Suppose $\Omega$ is a bounded open simply connected region in $\mathbb{R}^2$, and let $u:\overline{\Omega} \to \mathbb{R}^2$. Suppose $u$ is divergence free. Then there exists a stream function $\psi$ such that $u = (-\partial_2 \psi, \partial_1 \psi)$.
I would like to know how regular $\psi$ is in terms of the regularity of $u$. Also, does the regularity of the boundary of $\Omega$ play a role here, and does $u$ need to be regular up to and including the boundary, or just on the interior?
In particular, I'm interested in the case $u \in C^1(\overline{\Omega})$. Can I say $\psi \in C^2(\overline{\Omega})$? Feel free to assuming $\partial \Omega$ is $C^2$ as well.
Since $u$ is divergence free, the rotated field $u^\perp := (-u_2,u_1)$ is conservative.

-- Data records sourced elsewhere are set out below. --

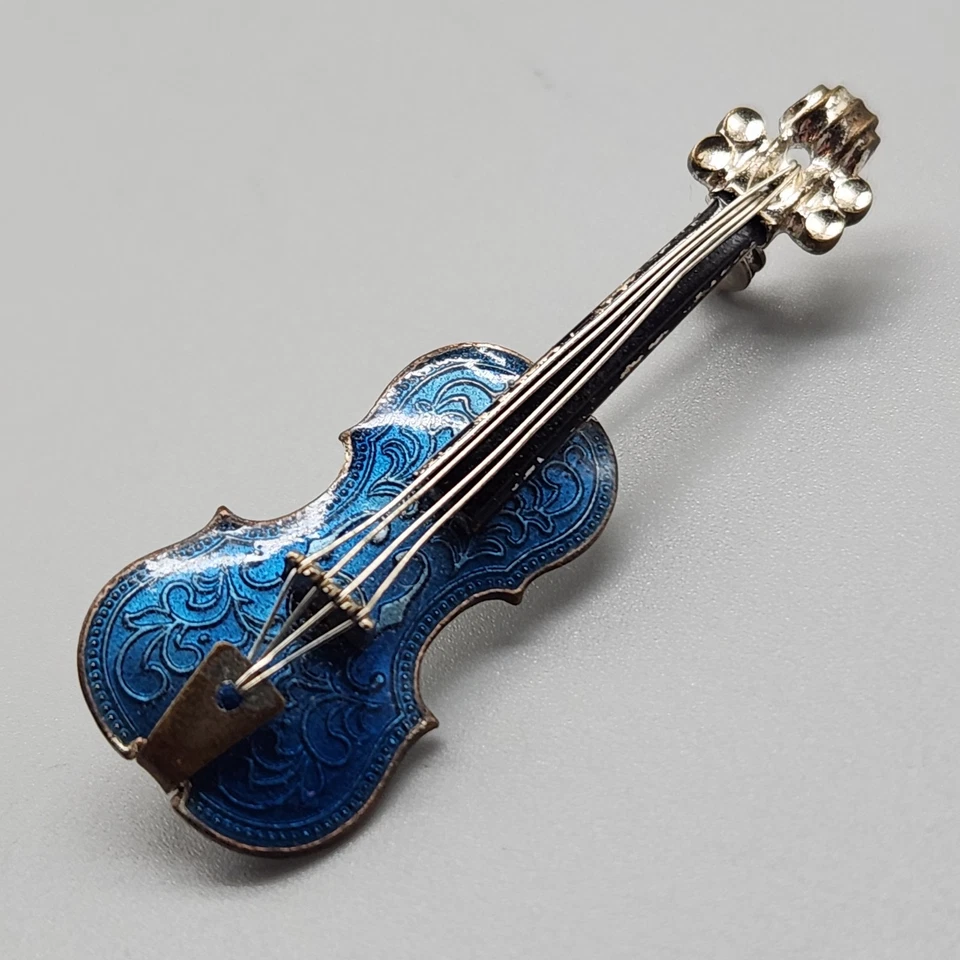 Broche de violín guilloche azul vintage Alemania Occidental esmalte viola violonchelo prendedor LEER Foto 3 de 4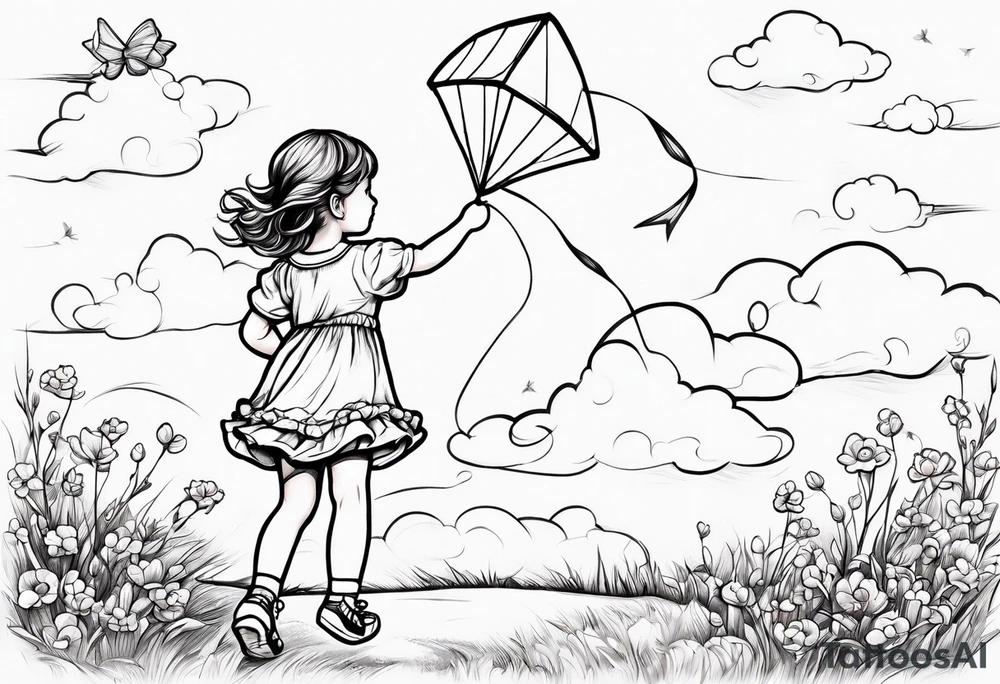 whimsical picture of a little girl flying a kite and holding a teddy bear tattoo idea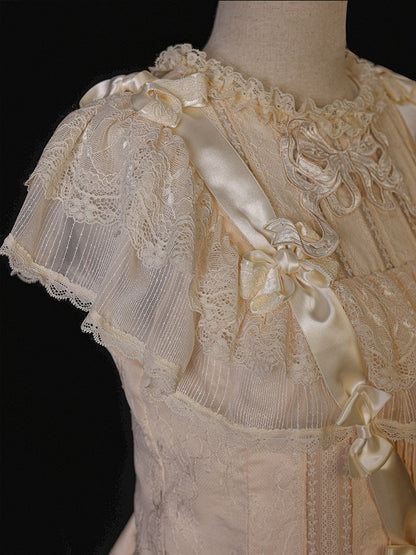 Retro Beige Lolita Lace Gown with Satin Ribbon Accents - Twin Bear Original Design
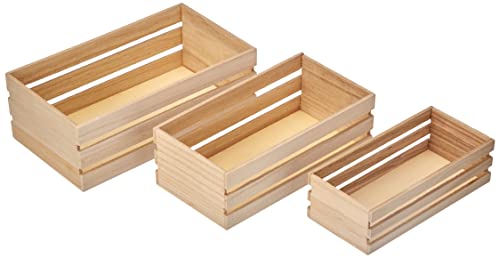 Artemio 14001929 3-Piece Wooden Decorative Rack, Beige 5x16,5x8cm (small box) 6,5x19x10cm (medium box) 7x21,5x12cm (big box)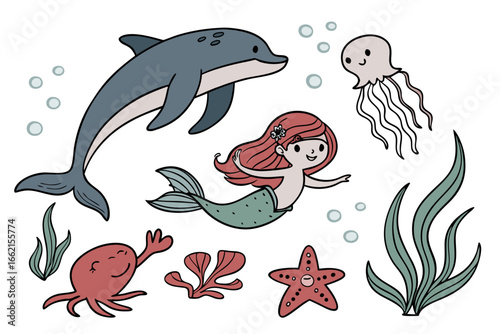 set of cartoon sea animals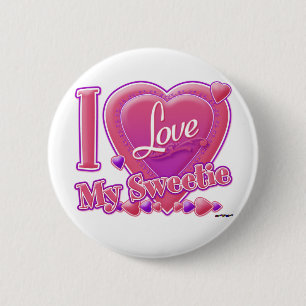 I Liebe Mein Sweetice rosa/lila - Herz Button
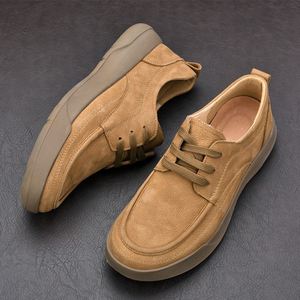 Men Genuine Leather Casual Shoes Vintage Lace‑up Low <b>Top</b> Sneakers Thick Cushioned Sole <b>Walking</b> Shoes for Daily Business Shoes - Product Image 2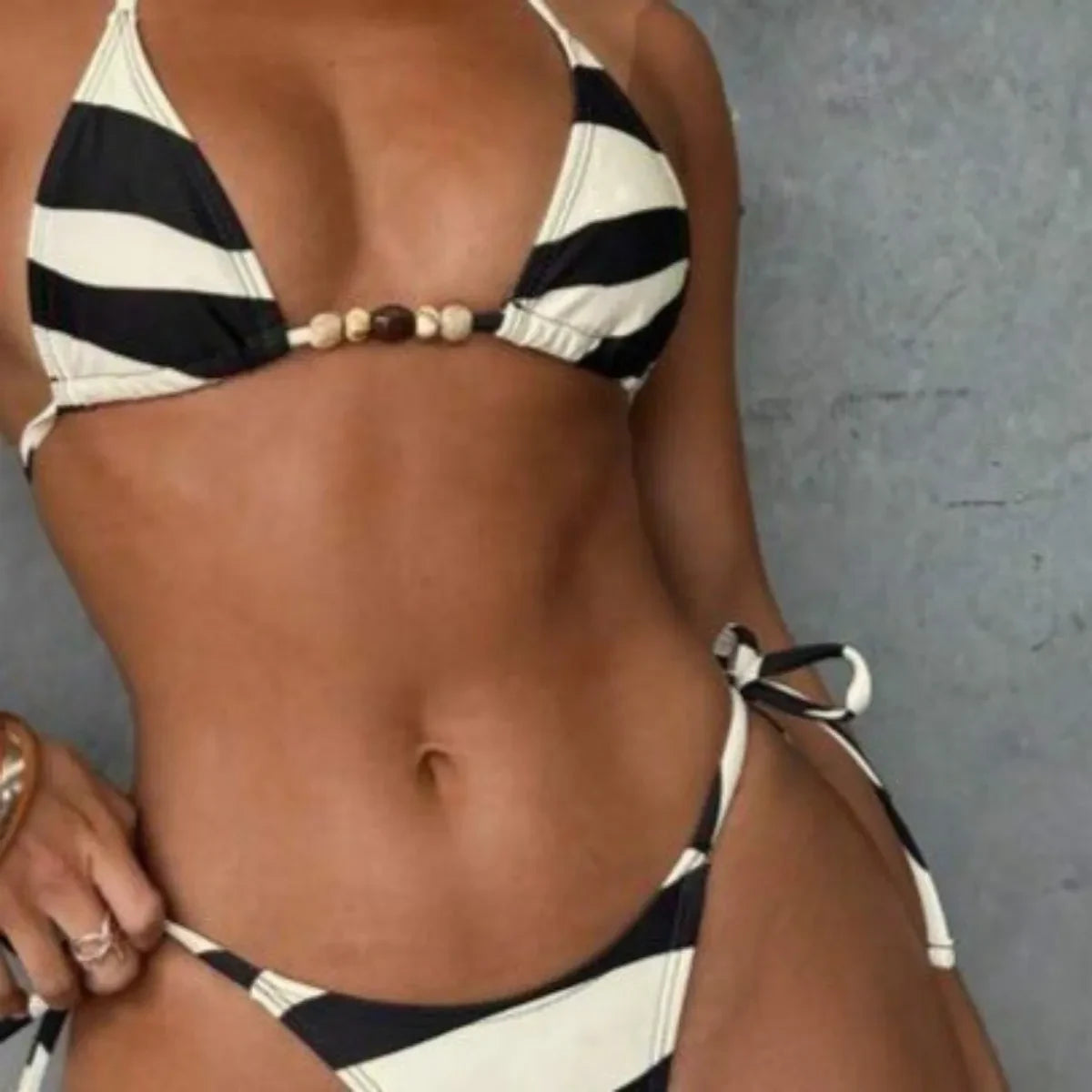 Women's Black White Stripe Triangle Bikini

Therefore, there exists $\psi$ such that $\nabla \psi = u^\perp$. Since $ u \in C^1(\overline{\Omega})$, we see that the first and second derivatives of $\psi$ continuously extend to $\overline{\Omega}$. To complete the proof of $\psi\in C^2(\overline{\Omega})$, it remains to show that $\psi$ itself extends continuously to $\overline{\Omega}$. This is where the geometry of the domain becomes relevant.
Since the boundary of $\Omega$ is smooth, it follows that $\Omega$ is quasiconvex: any two points $a,b\in \Omega$ can be joined by a curve of length at most $C|a-b|$. Integrating $\nabla \psi$ along this curve, we find that $\psi$ is Lipschitz in $\Omega$. Thus, it indeed extends continuously to the closure.